CHITLIN (Jan 21 - Feb 19) - Chitlins come from humble backgrounds. A Chitlin, however, can make something of himself if he's motivated and has lots of seasoning. In dealing with Chitlins, be careful. They can erupt like Vesuvius. Chitlins are best with Catfish and Okra.
BOLL WEEVIL (Feb 20 - Mar 20) - You have an overwhelming curiosity. You're unsatisfied with the surface of things, and you feel the need to bore deep into the interior of everything. Needless to say, you are very intense and driven as if you had some inner hunger. Nobody in their right mind is going to marry you, so just don't worry about it.
MOON PIE (Mar 21 - Apr 20) - You're the type that spends a lot of time on the front porch. It's a cinch to recognize the physical appearance of Moon Pies. This might be the year to think about aerobics. Or - maybe not.
POSSUM (Apr 21 - May 21) - When confronted with life's difficulties, Possums have a marked tendency to withdraw and develop a don't-bother-me-about-it attitude. Sometimes you become so withdrawn, people actually think you're dead. This strategy is probably not psychologically healthy, but seems to work for you. One day, however, it won't work and you may find your problems actually running you over.
COLLARDS (May 22 - June 21) - Collards have a genius for communication. They love to get in the "melting pot" of life and share their essence with the essence of those round them. Collards make good social workers, psychologists, and baseball managers. As far as your personal life goes, Collards should always stay away from Moon Pies. It just won't work. So, save yourself a lot of heartache. Collards are good with Butter Beans and Okra.
CRAWFISH (June 22 - July 23) - Crawfish is a water sign. If you work in an office, you're always hanging around the water cooler. Crawfish prefer the beach to the mountains, the pool to the golf course, the bathtub to the living room.
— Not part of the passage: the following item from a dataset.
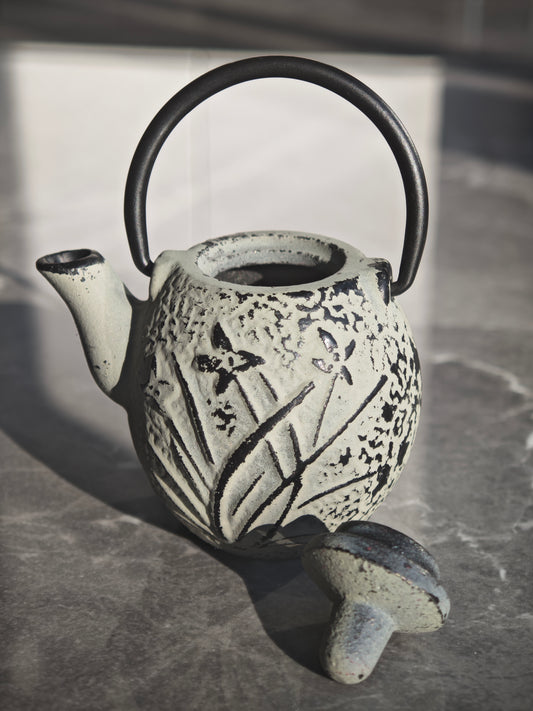 Elegant Charm of the Copper Kettle, with Plum Blossoms and Orchids in Harmony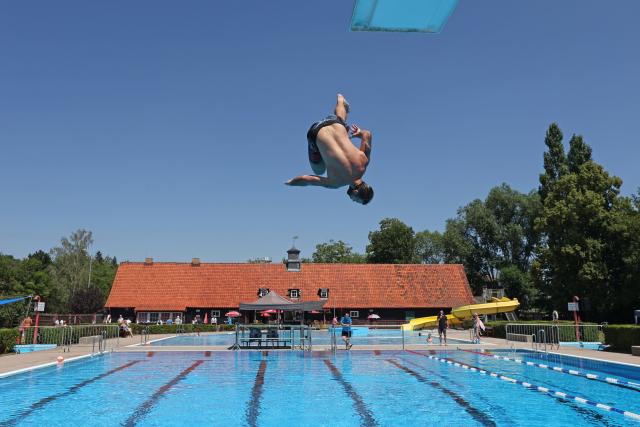 10 July 2026, Saxony-Anhalt, Wernigerode: A young man dives into the cool water at the Waldhofbad in Wernigerode as a participant in the cannonball championship. Photo: Matthias Bein/dpa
You tend to be not particularly attractive physically, but you have a very, very good head.
CATFISH (July 24 - Aug 23) - Catfish are traditionalists in matters of the heart, although ones whiskers may cause problems for loved ones. You Catfish are never easy people to understand. You prefer the muddy bottoms to the clear surface of life. Above all else, Catfish should stay away from Moon Pies.
GRITS (Aug 24 - Sept 23) - Your highest aim is to be with others like yourself. You like to huddle together with a big crowd of other Grits. You love to travel though, so maybe you should think about joining a club. Where do you like to go? Anywhere they have cheese or gravy or bacon or butter or eggs. If you can go somewhere where they have all these things, that serves you well.
BUTTER BEANS (Sept 24 - Oct 23) - Always invite a Butter Bean because Butter Beans get along well with everybody. You, as a Butter Bean, should be proud. You've grown on the vine of life and you feel at home no matter what the setting. You can sit next to anybody. However, you, too, shouldn't have anything to do with Moon Pies.
BOILED PEANUTS (Oct 24 - Nov 22) - You have a passionate desire to help your fellow man. Unfortunately, those who know you best - your friends and loved ones- may find that your personality is much too salty, and their criticism will probably affect you deeply because you are really much softer than you appear. You should go right ahead and marry anybody you want to because in a certain way, yours is a charmed life. On the road of life, you can be sure that people will always pull over and stop for you.
ARMADILLO (Nov 23 - Dec 21) - You have a tendency to develop a tough
exterior, but you are actually quite gentle. A good evening for you? Old
friends, a fire, some roots, fruit, worms and insects. You are a throwback.
You're not concerned with today's fashions and trends. You're not concerned with
anything about today. You're really almost prehistoric in your interests and
behavior patterns. You probably want to marry another Armadillo, but Possum is
another somewhat kinky mating possibility.